Before we jump into the madness, I’ll quickly run through some background knowledge. Enter: Vectors and Matrices! (If you’re here just for the explanation, start at Updating Equations)

Arrays

If you’ve ever coded before, you might be familiar with a data type known as an array. Essentially, it is a data type that holds elements of the same type which are freely accessible using an element’s index. Here’s a quick diagram:

Here’s the cool thing about arrays—they can be nested within each other. You can have one-dimensional, two-dimensional, three-dimensional, all the way to an n-dimensional array (provided that your computer can handle such a command). Again, any element within these n-dimensional arrays can be accessible with the proper series of indices. Here are the first three:

Vectors and Matrices

In terms of machine learning, vectors and matrices are both arrays, but they have a very important difference. A vector is any column/row while a matrix is any rectangular array. Let me give you a concrete example:

The entire 4x6 rectangle is one matrix while one row(1,2,3,4,5,6) or column(1,7,13,19) is a vector. Here’s the way that I remember it: an array with “1” in its dimensions is a vector, an array with two numbers in its dimensions that are not “1” is a matrix.

Vectors and Matrices Notation

In arrays, we have a straightforward method of addressing each element. But how does this work in vectors/matrices? Each value held in a vector/matrix is called an “entry”. Referencing an entry can be done by following the notation: (Name of Matrix)(row, column). Let’s name the matrix we just saw as A. To access value “14”, we would use A₃₂.

Matrix Operations

Now that we’re familiar with what vectors and matrices actually are and the notation they use, we can start manipulating their values. I will cover the basics of these operations, but since they are not the main topic of this article, I will link additional resources that better explain exactly how these operations work.

Each entry in the same position is added together
Similarly, entries in the same positions are subtracted

For you to add two matrices together, they need to have the same dimensions. Notice how we are adding two matrices with a size of 2x2. Each entry with the same position is added together to form another matrix of values. Subtraction works the same way that addition does; entries with the same position are subtracted. It works the same way with vectors, however, the vectors must have the same dimensions.

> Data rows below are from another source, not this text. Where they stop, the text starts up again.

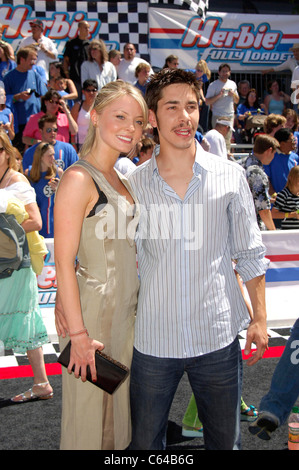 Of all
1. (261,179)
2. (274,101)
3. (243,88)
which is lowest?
(261,179)

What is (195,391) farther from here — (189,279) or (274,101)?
(274,101)

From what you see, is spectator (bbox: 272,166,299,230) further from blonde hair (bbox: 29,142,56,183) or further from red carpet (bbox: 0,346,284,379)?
blonde hair (bbox: 29,142,56,183)

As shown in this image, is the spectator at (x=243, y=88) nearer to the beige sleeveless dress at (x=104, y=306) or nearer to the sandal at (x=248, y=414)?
the sandal at (x=248, y=414)

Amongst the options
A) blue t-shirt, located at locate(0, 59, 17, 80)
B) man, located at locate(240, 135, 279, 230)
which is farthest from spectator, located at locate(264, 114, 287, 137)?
blue t-shirt, located at locate(0, 59, 17, 80)

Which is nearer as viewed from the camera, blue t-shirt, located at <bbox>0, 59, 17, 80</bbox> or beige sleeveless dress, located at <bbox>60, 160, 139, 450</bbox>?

With matrices, we can also perform operations called scalar multiplication and division. All this means is that we can multiply or divide by a single number:

Hm…seems pretty straightforward to me!

Unlike addition and subtraction, we can multiply or divide a matrix and a vector. Here is an example:

Before we can perform this operation, we must first see if it is possible. The rule goes as follows: the number of columns in the matrix must equal the number of entries in the vector. In a more mathematical definition, in an mxn matrix with m rows and n columns, the vector must be an nx1 matrix with n rows. If our matrix and vector have met these conditions, we can proceed.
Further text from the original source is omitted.